En outre, le juge estime que “sans qu’il soit question que les franchisés puissent contrôler l’administration et la détention du capital du franchiseur et partant de bloquer toute cession du réseau”, un bon équilibre du contrat aurait dû permettre aux franchisés, en cas de modification de l’actionnariat ou des dirigeants du franchiseur, “de résilier sans indemnité le contrat de franchise.”“La solution aurait sûrement été différente dans le cadre d’un grand réseau. Le tribunal a considéré que normalement, c’est l’enseigne et le savoir faire du franchiseur qui convainc le franchisé, mais que dans le cadre d’un petit réseau, la personne physique du dirigeant a un rôle important dans sa décision”, explique Me Casanova.
Le juge a finalement prononcé la nullité de cette clause, et ordonné à Domino’s Pizza France de la modifier. “Si cette décision n’est pas annulée suite à un recours en appel, elle signifiera que tout jeune réseau devra dorénavant prévoir une clause d’intuitu personae réciproque.

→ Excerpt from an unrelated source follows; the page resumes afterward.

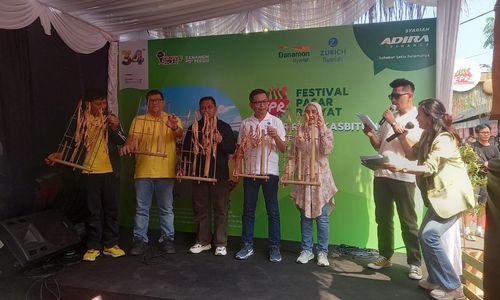 Pembukaan Festival Pasar Rakyat 2024 yang diselenggarakan Adira Finance Syariah, Danamon Syariah, dan Zurich Syariah di Pasar Rangkasbitung, Lebak, Sabtu, 7 September 2024.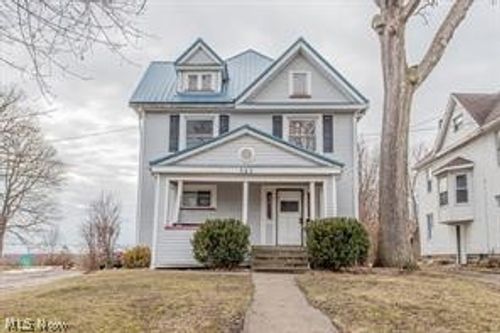826 Michigan, Youngstown, OH, 44505 | Card Image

Mais cela entraînera des conséquences importantes pour le franchiseur, car cela impactera forcément la valeur du réseau : dans l’hypothèse où il souhaiterait vendre à un tiers, il aurait moins de marge de manœuvre”, ajoute l’avocate.
Une cessation du contrat “déséquilibrée”
Dans son jugement, le tribunal reconnaît aussi le caractère déséquilibré de la clause qui fixe les modalités de cessation du contrat de franchise. En effet, en cas de résiliation par le franchiseur (pour faute du franchisé), il prévoit que ce dernier doit verser au réseau une indemnité “égale au montant des redevances qui auraient été exigibles jusqu’au terme normal du contrat”, avec un plafond de 50 000 euros ; tout en précisant qu’a contrario, “aucune indemnité ne sera due au franchisé à l’expiration du contrat, qu’elle qu’en soit la cause”.
Pour le tribunal de commerce, la notion de “quelque cause que ce soit” va “très nettement au-delà de cette simple hypothèse de non-renouvellement du contrat, et crée un déséquilibre, par exemple dans le cas d’une résiliation aux torts du franchiseur”.
Selon Clémence Casanova, “la situation aurait été différente si la clause avait été formulée autrement, et qu’elle écartait seulement l’indemnisation du franchisé dans l’hypothèse où le contrat arrivait à échéance, et non dans tous les cas, notamment en cas de résiliation du contrat pour manquement du franchiseur.” Là encore, le juge a prononcé la nullité de la clause, et contraint Domino’s Pizza à revoir son contenu.
Une “tentative de soumission” pour la fixation des prix de vente
Enfin, une troisième clause était visée par le ministère : celle consacrée à la fixation des prix de vente. Selon Bercy, “un déséquilibre existe” du fait que le franchisé “ne peut pas fixer librement ses prix.”
Mais le tribunal a considéré que les franchisés du Groupe Domino’s sont libres de fixer leur prix de revente, et qu’il n’y a “aucune soumission”. Toutefois, il constate “qu’il ressort clairement qu’ils se heurtent à de nombreuses difficultés (techniques) quand ils souhaitent changer les prix recommandés par la tête de réseau”, en raison d’un logiciel de caisse difficile à utiliser.
“Il n’y a pas soumission, mais tentative de soumission, car il est difficile de changer les prix en pratique, en raison d’une défaillance sciemment menée”, explique Clémence Casanova. Le tribunal a ainsi ordonné à Domino’s Pizza France de “permettre au franchisé de pratiquer ses propres prix au moyen d’un outil informatique adapté.”“Ce jugement risque fort de faire l’objet d’appels. Mais si ce n’est pas le cas, les franchiseurs en règle générale devront faire très attention à la rédaction des clauses de leurs contrats de franchise”, conclut l’avocate.